10 / 13
第10話
「離れろ!!」
精一杯の抵抗をするが、それが男に届くことはない。するりとズボンが取り払われるのがわかって、この男が本気なのだと知る。
「残念。まだ反応してないのか」
「当たり前だ……!」
そう言えば後ろから舌打ちが聞こえ、次いで唯一僕を守っていた布までもが脱がされる。
「そんな生意気な口、効けないようにしてやるよ」
男の指が僕の後ろに触れる。彼にしか触られたことのないそこに、名前も知らない男の指が。
嫌だ。嫌だ。僕は、誰ともこんなことをしたくないのにーー。
その時だ。そんな僕の心の声を否定するように、彼が現れたのは。
「そこまでだよ。そこから先は僕だけだ」
彼は僕の目の前に立って、男と僕の間の空間を隔てる。
「優、様……?」
「ありがとう。良にぃに、僕と他の男との違いを教えてくれて」
「……どういう意味ですか」
「最初から全部見てたよ。ついでに言えば、こうやることを狙ってた。だから君には何もしない。その代わり、金輪際二度と良にぃには近付かないで」
「ちがっ、俺は優様が……!」
「僕が良にぃ以外を見ることは無いし、その良にぃに対して手を出した時点で君は敵だよ。
……わかったら早く消えてくれ」
「っ、そんなっ……」
絶対的強者の言葉に、賢明な男は反論できない。僕より強かったその男は、拍子抜けするほど簡単に逃げていった。
だがそれは僕にとって、場の支配者が男から彼に変わったことしか意味しない。
「怖かった?」
何も事態は好転していないはずなのに、彼の言葉を聞くとどこか安心する自分の身体に気が付いた。
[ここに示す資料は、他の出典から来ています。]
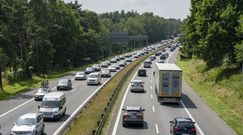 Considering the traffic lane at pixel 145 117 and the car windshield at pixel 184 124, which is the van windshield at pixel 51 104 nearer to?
the traffic lane at pixel 145 117

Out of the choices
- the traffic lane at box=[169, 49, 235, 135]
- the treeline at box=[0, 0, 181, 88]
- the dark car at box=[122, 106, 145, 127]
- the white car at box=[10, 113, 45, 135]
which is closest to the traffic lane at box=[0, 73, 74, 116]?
the treeline at box=[0, 0, 181, 88]

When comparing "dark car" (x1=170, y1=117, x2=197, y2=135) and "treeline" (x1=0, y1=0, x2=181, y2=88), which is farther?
"treeline" (x1=0, y1=0, x2=181, y2=88)

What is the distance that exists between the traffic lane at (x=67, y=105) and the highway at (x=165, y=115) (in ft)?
15.1

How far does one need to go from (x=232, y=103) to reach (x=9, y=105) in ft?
78.8

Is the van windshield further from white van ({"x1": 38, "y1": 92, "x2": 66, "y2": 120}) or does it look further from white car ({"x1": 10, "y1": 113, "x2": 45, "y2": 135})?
white car ({"x1": 10, "y1": 113, "x2": 45, "y2": 135})

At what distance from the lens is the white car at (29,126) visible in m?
28.7

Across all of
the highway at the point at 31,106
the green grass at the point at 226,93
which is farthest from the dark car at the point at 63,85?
the green grass at the point at 226,93

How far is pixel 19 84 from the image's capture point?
70062 millimetres

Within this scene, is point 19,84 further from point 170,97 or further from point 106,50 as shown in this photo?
point 106,50

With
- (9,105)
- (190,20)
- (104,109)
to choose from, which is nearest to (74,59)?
(190,20)

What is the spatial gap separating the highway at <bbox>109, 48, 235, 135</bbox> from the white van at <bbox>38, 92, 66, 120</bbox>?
477 cm

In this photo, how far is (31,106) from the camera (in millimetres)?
45250

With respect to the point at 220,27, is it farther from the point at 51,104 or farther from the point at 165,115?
the point at 51,104

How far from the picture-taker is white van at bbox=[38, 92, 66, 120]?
119ft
そして、先刻の男の言葉を思い出す。
ーーお前は優様のためだけに生まれた『餌』ってこと。
思い出せば、得体のしれない恐怖が込み上げてきた。男のせいじゃない、彼に対峙するだけで自然に湧き上がってくる恐怖。
その恐怖は、彼の近くに居るだけで身体が変えられていくような、そんな錯覚を僕に与える。
ともだちにシェアしよう!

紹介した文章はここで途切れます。